Hükmün davalı Kurum vekilince temyizi üzerine Özel Dairece sair yönler incelenmeksizin verilen bozma kararında; “..mahkemece, Ek 17. maddenin gelmesi ve 4. fıkrasındaki hükmün iptali ile oluşan bu yeni durumun dikkate alınması ile davaya konu uyuşmazlığa ilişkin yasal tüm dayanakların irdelenmesi ile beraber, teşvik hükümlerinden faydalandırılma ve faydalandırılma sonrasında fazla ödenen tutarların iadesi/mahsubu istemleri bakımından, ek 17. maddenin ilk üç fıkrası da dâhil olmak üzere yasal tüm dayanaklar irdelenmeli, teşvik veya destekten faydalandırılma şartlarının varlığı ile birlikte incelenmeli ve sonucuna göre bir karar verilmelidir...” gerekçesiyle hükmün bozulmasına karar verilmiştir.

İlk Derece Mahkemesince; önceki gerekçeler yanında bozma kararında sözü edilen maddenin değiştirilmeden önceki ve değiştirildikten sonraki hâllerinde prim teşviki destek ve indiriminden yararlanabileceği hâlde yararlanmamış olanlara ilişkin bir düzenleme getirildiği, dolayısıyla işverenlerin tercihlerine bağlı olarak daha öncesinde kurumdan herhangi bir taleplerinin olmaması sebebiyle yararlanmamaları hâlinde maddenin uygulanması gerektiği, işbu davaya konu uyuşmazlık konusunda ise davacının sigorta primi teşvikinden faydalandığı hâlde kurumca yersiz olarak yararlandığı gerekçesiyle iptal işlemi yapıldığı yani davacının söz konusu teşvik indiriminden tercihine bağlı olmaksızın kurumun yaptığı iptal işlemleri neticesinde yararlanamadığı, uyuşmazlığın temelini davacının teşvikten faydalanıp faydalanamayacağı hususunun oluşturduğu dolayısıyla ilgili madde düzenlemelerinin davacı hakkında uygulanamayacağı gerekçesi de eklenmek suretiyle direnme kararı verilmiştir.

Mahkemenin direnme kararı ve gerekçesi bozma öncesi kararı ile aynıdır. Yazılan ilave gerekçeler bozmayı karşılayan gerekçelerdir. Kararların gerekçeli olması zorunluluğu direnme kararlarının da gerekçeli olarak verilmesini, neden bozmaya uyulmadığı ve önceki gibi karar verildiğinin gerekçelerinin gösterilmesini gerekli kılmaktadır.
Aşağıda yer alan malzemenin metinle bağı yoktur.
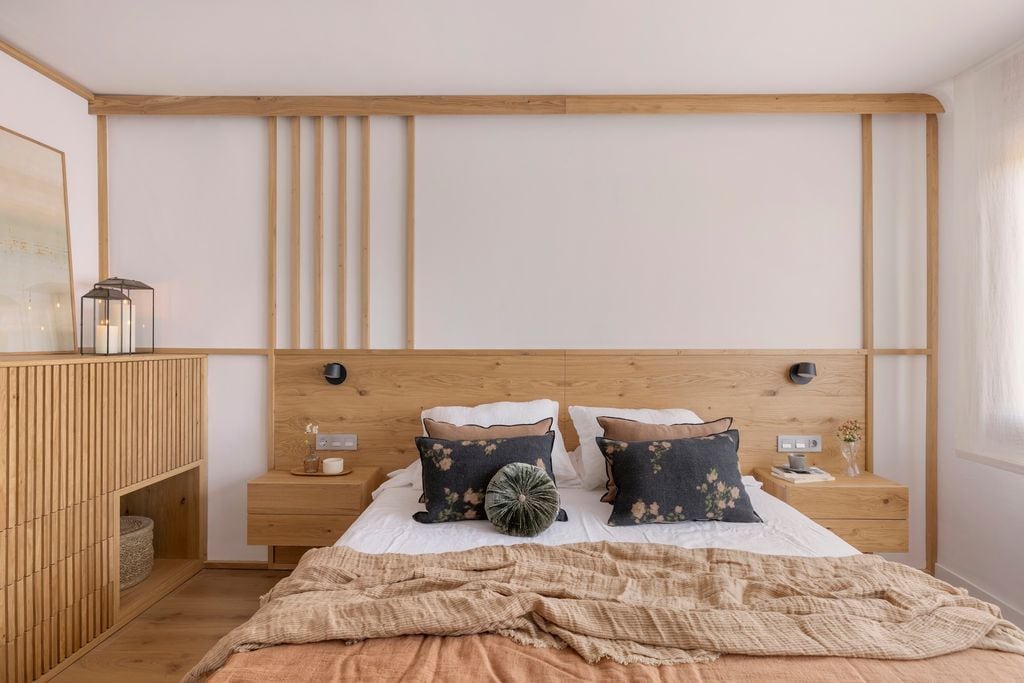 Dormitorio con cabecero con listones de madera.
Mahkeme ve Özel Daire ek 17. maddenin bu davada değerlendirilmesi gereken hukukî sebep olup olmadığı konusunda uyuşamamış olup bu konuda uyuşmazlık doğmuş durumdadır. Direnme kararının bu yönden incelenerek ek 17. maddenin mahkemece değerlendirilmesi gereken hukukî sebep olduğu sonucuna varılırsa özel daire kararı gibi bozma kararı verilmesi gerekecektir. Bunun yerine direnme kararında belirtildiği somut uyuşmazlığın mahiyeti itibarıyla uygulanması gereken bir hüküm olmadığı sonucuna varılır ise direnme uygun bulunarak buna göre işin esası incelenmek üzere dosyanın Özel Daireye gönderilmesi gerekecektir.

Özel Daire ve Mahkeme ek 17. maddenin somut olayda uygulanma yeri olup olmadığı yönünde görüşlerini de ortaya koyarak karar vermiş ve uyuşmazlık da bu konuda doğmuş bulunduğundan bu noktadaki uyuşmazlığın Hukuk Genel Kurulunca temyiz incelemesi yapılarak sonuca bağlanması gerekir.

Yukarıda açıklanan nedenlerle ön sorun bulunmadığı ve temyiz incelemesi yapılması gerektiği görüşünde olduğumdan ön sorun bulunduğu ve temyiz incelemesi yapılmak üzere dosyanın Özel Daireye gönderilmesi gerektiği yönünde oluşan değerli çoğunluk görüşüne katılamıyorum.